[[ Records for this exercise, beginning ]]

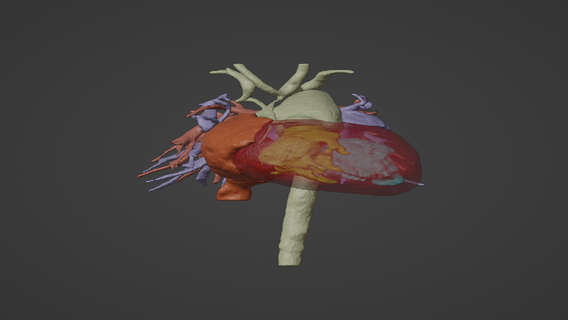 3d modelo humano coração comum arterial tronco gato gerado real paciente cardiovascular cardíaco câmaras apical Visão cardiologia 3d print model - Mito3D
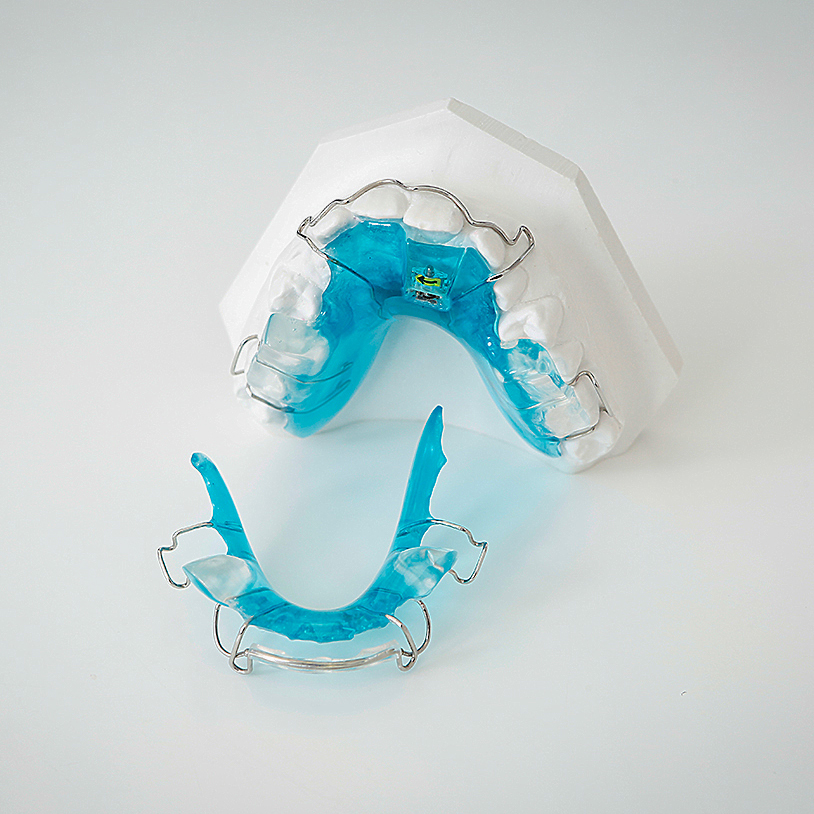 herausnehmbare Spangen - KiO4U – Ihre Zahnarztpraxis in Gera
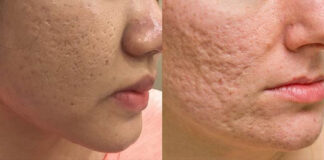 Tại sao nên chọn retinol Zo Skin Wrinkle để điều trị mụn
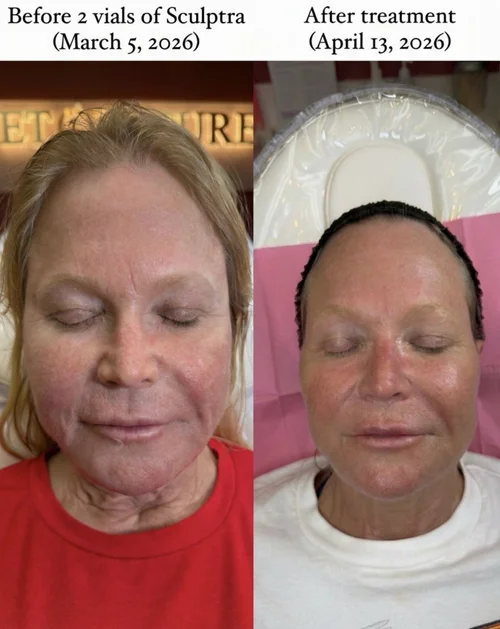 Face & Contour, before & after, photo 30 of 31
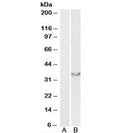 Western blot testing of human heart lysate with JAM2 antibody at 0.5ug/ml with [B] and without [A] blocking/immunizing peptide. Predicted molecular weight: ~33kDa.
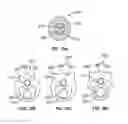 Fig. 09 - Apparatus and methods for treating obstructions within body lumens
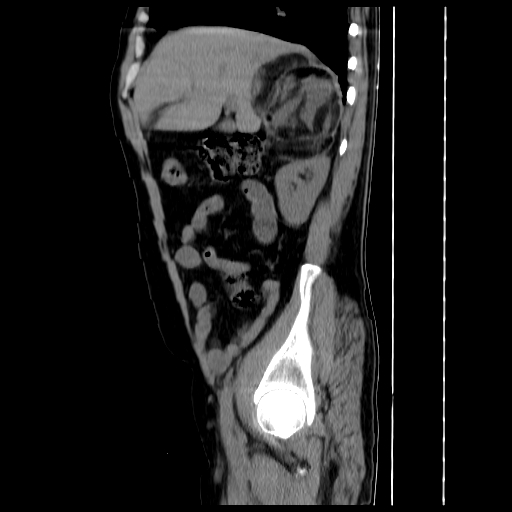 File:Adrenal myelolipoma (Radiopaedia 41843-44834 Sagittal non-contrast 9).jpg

[[ Records for this exercise, end ]]

Task details> Return the complete material above exactly, with no picture.

Result of the exercise>
 3d modelo humano coração comum arterial tronco gato gerado real paciente cardiovascular cardíaco câmaras apical Visão cardiologia 3d print model - Mito3D
 herausnehmbare Spangen - KiO4U – Ihre Zahnarztpraxis in Gera
 Tại sao nên chọn retinol Zo Skin Wrinkle để điều trị mụn
 Face & Contour, before & after, photo 30 of 31
 Western blot testing of human heart lysate with JAM2 antibody at 0.5ug/ml with [B] and without [A] blocking/immunizing peptide. Predicted molecular weight: ~33kDa.
 Fig. 09 - Apparatus and methods for treating obstructions within body lumens
 File:Adrenal myelolipoma (Radiopaedia 41843-44834 Sagittal non-contrast 9).jpg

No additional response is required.